BRIEF: The material below should be copied line for line, please, with pictures omitted.

GIVEN MATERIAL:
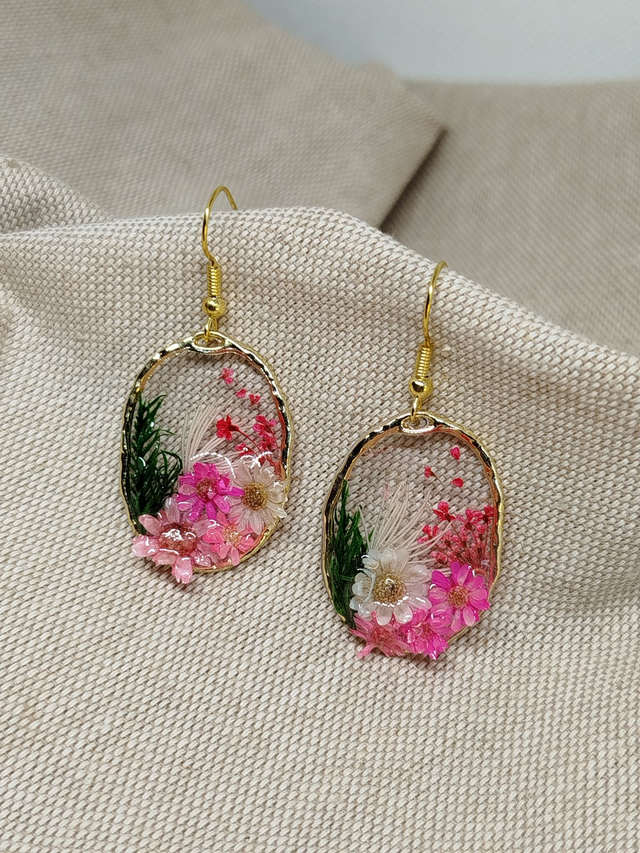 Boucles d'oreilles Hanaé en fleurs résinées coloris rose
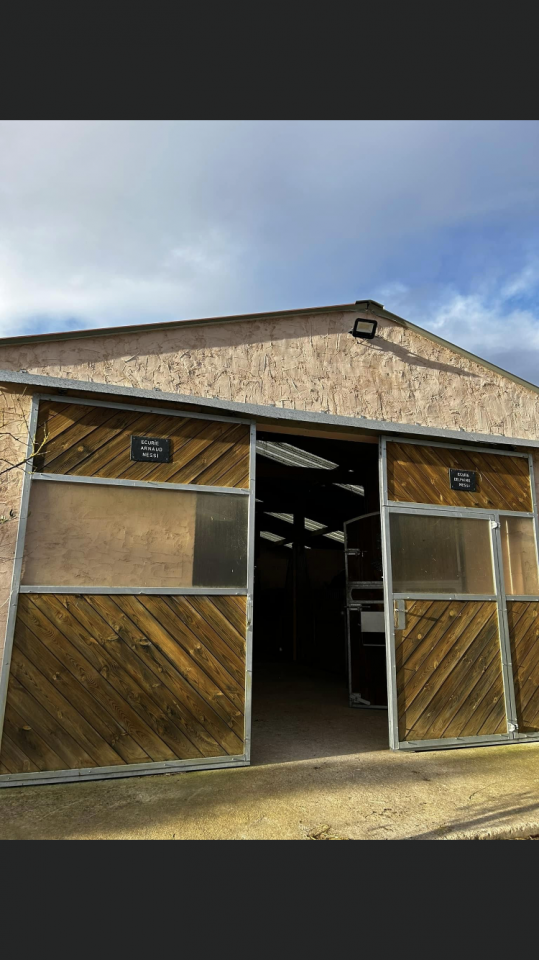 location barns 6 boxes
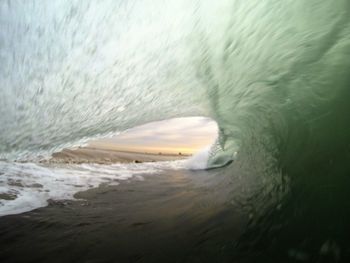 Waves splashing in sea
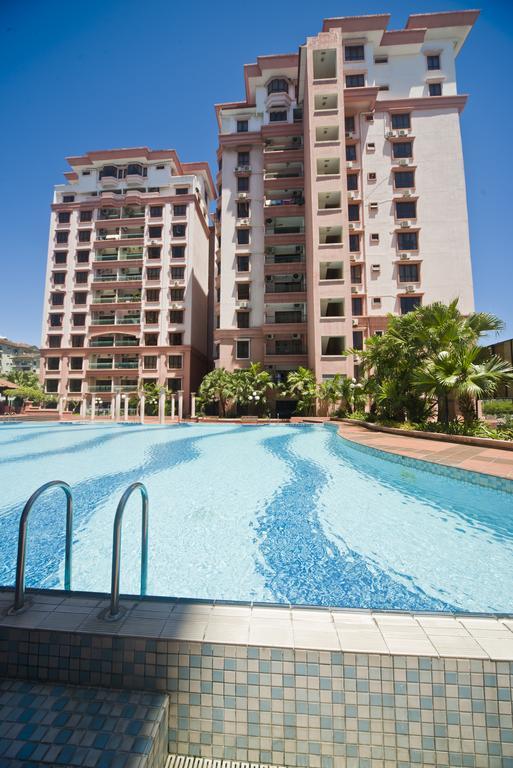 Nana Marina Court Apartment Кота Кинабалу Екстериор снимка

SOLUTION BELOW:
 Boucles d'oreilles Hanaé en fleurs résinées coloris rose
 location barns 6 boxes
 Waves splashing in sea
 Nana Marina Court Apartment Кота Кинабалу Екстериор снимка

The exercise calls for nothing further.